What is the ‘trapped rainbow’ and how does it work?
The process of creating a trapped rainbow relies on metamaterials or nanoplasmonic structures endowed with special negative properties, surrounded by ‘normal’ materials.
As light moves through the special material, it is pushed backwards in small steps where the two materials meet. It’s like walking up a steep, snowy slope – every step you take up, you slide back down a little way, slowing down your progress.
The difference in the material is that each time the light is pushed back it slows more and more. Eventually, as the white light slows, its different components – all the colours of the spectrum – stop at different points, creating a ‘trapped rainbow’.
Since the original idea, a lot of groups have tested various ways of making this work. Some of the materials have changed, but the idea remains the same, and has led to some interesting potential applications.
In your original paper you suggested it could be used for data transfer. How would that work?
As light travels very fast, and is broad band – meaning it covers a wide part of the spectrum – it can be a very efficient method of data transfer. This is how fibre-optic internet connections work, for example.
However, in order to access data from a fast-moving stream, we need to slow it down. This is like a car exiting a motorway – it has to slow down as it approaches the junction. This process is called buffering.
Currently, to slow light signals down, we have to convert them to electrical pulses, and then reconvert them to light once they have been accessed, to get back the original data. By slowing light itself down, rather than converting it, this process would be much more efficient. We could also use light much more widely for transmitting data across a broad spectrum.
How are you using slow and stopped light in your research?
One way slow light is useful is in increasing interactions between light and matter. Often, because light travels so fast, it doesn’t interact much with matter.

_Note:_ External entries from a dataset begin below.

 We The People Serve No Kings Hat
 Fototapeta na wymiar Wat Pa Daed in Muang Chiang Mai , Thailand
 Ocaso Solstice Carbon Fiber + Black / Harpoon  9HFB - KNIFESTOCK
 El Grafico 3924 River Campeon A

By slowing it down, we can make these interactions stronger, manipulating matter in new ways.
For example, we achieved this recently in collaboration with the University of Cambridge. We held a molecule and a photon – a particle of light – in a tiny trap, so that their properties mixed.

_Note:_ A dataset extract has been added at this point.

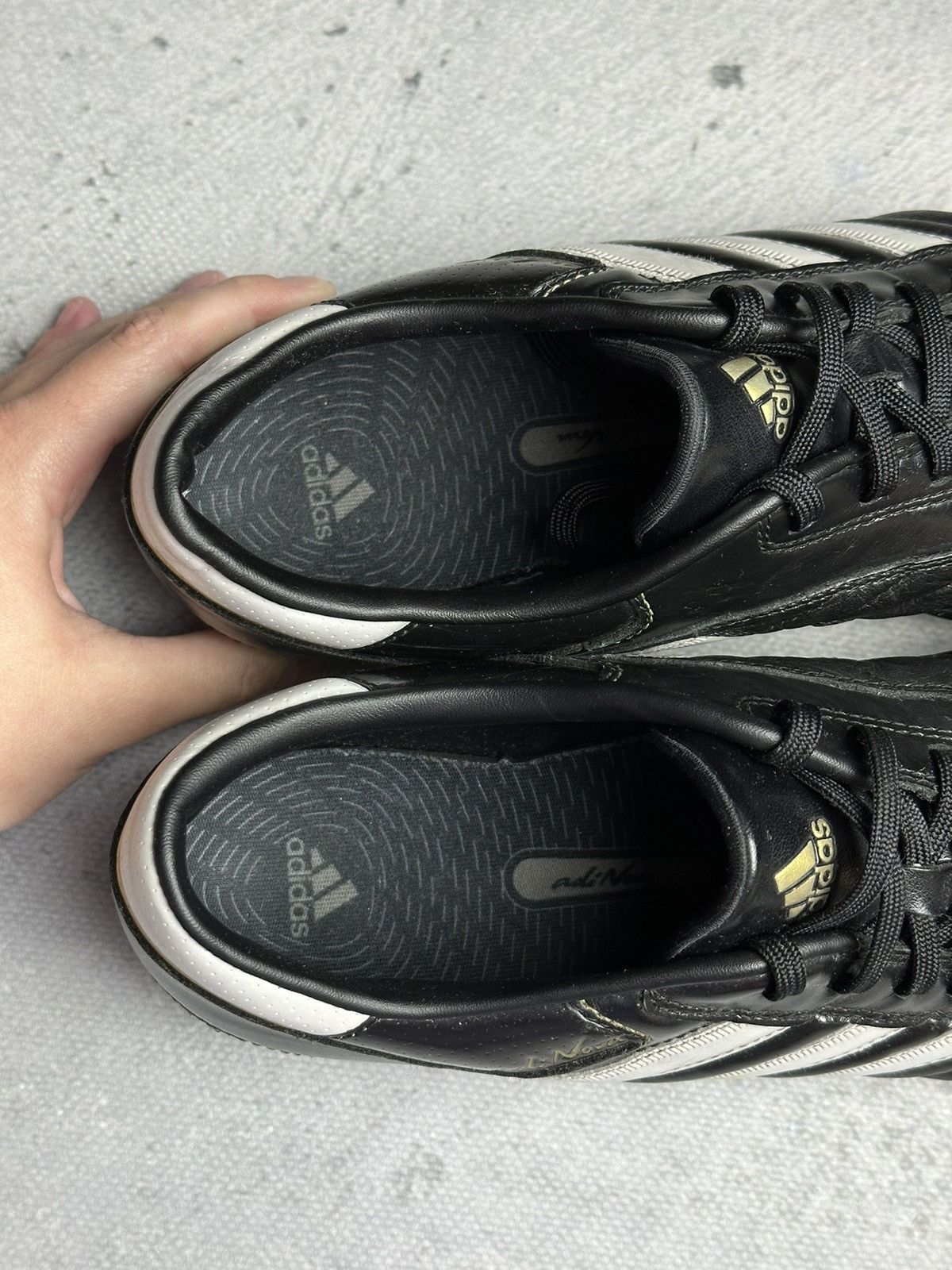 Adidas Adidas Adinova II FG Rare boots mens Football/Soccers Size US 8.5 / EU 41-42 - 12 Thumbnail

My team are also interested in stopped-light lasers. Lasers are amplified sources of light at particular wavelengths, which can be focused into a beam and transmitted over long distances without losing focus, like a traditional torch does.
Lasers are created by pumping energy into electronic states, for example molecules, causing them to emit photons when they relax back to lower energies. These photons are then bounced around in a confined space, stimulating more active molecules to synchronously release photons, until a high-energy beam is created.
Stopping light would allow more confined interactions between active molecules and photons, potentially allowing lasers to be formed more easily and more locally, without bouncing around a space.
Since you proposed the idea, people have suggested many innovative applications. Can you tell us about some of these?
Theoretically, the interesting applications for us are to do with investigating the quantum behaviour of matter and packets of stopped or ultraslow light.
One interesting practical example is guiding light to a small spot in order to create very local heating on microscopic scales. A major application of this is enhancing magnetic storage – the kind that runs your computer hard drive.
Magnetic storage requires the formation of tiny magnetic fields, but at the moment these fields are as small as they can get, limiting how small we can make the storage devices. By slowing light down in an extremely confined area, we can increase its intensity. This causes heating on a very small scale, creating miniature magnetic fields that mean we could increase the storage density or reduce the size of devices.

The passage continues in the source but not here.